- [What this task involves]: Transcribe the records in full; omit images.

- [Input records]:
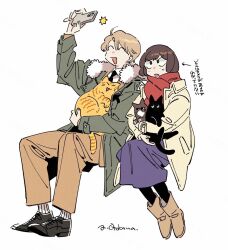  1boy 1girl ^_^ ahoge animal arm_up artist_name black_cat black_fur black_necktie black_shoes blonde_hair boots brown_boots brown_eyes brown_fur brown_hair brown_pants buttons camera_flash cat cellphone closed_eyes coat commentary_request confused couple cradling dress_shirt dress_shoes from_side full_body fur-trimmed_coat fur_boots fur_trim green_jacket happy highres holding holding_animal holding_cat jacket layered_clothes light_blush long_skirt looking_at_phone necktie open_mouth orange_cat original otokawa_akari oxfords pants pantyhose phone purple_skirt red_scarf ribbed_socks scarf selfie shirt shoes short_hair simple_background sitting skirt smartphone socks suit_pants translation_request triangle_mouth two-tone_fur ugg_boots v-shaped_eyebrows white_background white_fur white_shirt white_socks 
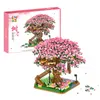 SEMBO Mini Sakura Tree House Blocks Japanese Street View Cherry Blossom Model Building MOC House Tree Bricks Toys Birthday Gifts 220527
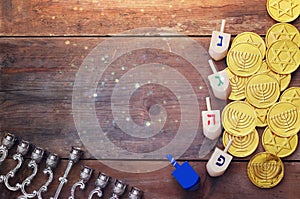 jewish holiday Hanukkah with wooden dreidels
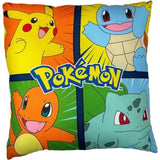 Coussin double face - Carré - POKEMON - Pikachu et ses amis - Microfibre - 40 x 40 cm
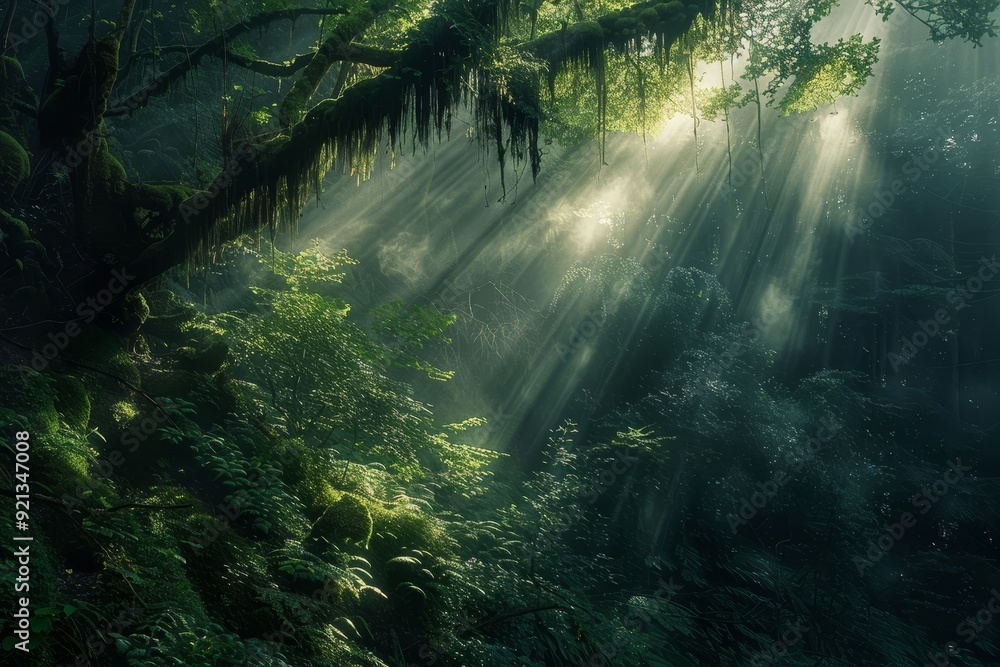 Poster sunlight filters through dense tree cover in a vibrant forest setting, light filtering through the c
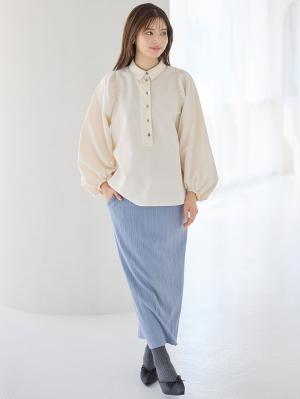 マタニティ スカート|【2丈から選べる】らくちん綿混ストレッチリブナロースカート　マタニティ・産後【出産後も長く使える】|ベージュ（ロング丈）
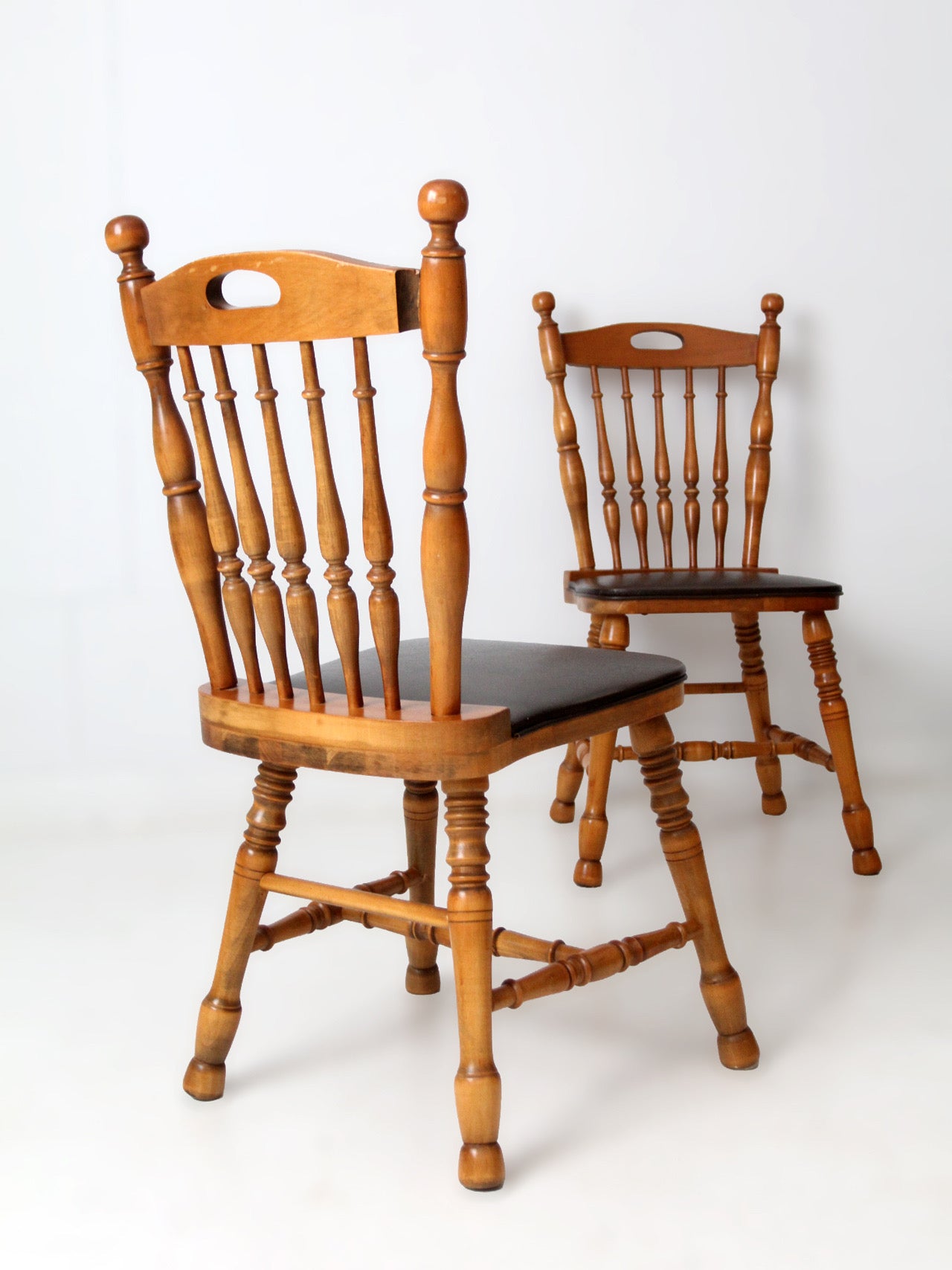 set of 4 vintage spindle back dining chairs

- [Result for this exercise]:
  1boy 1girl ^_^ ahoge animal arm_up artist_name black_cat black_fur black_necktie black_shoes blonde_hair boots brown_boots brown_eyes brown_fur brown_hair brown_pants buttons camera_flash cat cellphone closed_eyes coat commentary_request confused couple cradling dress_shirt dress_shoes from_side full_body fur-trimmed_coat fur_boots fur_trim green_jacket happy highres holding holding_animal holding_cat jacket layered_clothes light_blush long_skirt looking_at_phone necktie open_mouth orange_cat original otokawa_akari oxfords pants pantyhose phone purple_skirt red_scarf ribbed_socks scarf selfie shirt shoes short_hair simple_background sitting skirt smartphone socks suit_pants translation_request triangle_mouth two-tone_fur ugg_boots v-shaped_eyebrows white_background white_fur white_shirt white_socks 
 SEMBO Mini Sakura Tree House Blocks Japanese Street View Cherry Blossom Model Building MOC House Tree Bricks Toys Birthday Gifts 220527
 jewish holiday Hanukkah with wooden dreidels
 Coussin double face - Carré - POKEMON - Pikachu et ses amis - Microfibre - 40 x 40 cm
 Poster sunlight filters through dense tree cover in a vibrant forest setting, light filtering through the c
 マタニティ スカート|【2丈から選べる】らくちん綿混ストレッチリブナロースカート　マタニティ・産後【出産後も長く使える】|ベージュ（ロング丈）
 set of 4 vintage spindle back dining chairs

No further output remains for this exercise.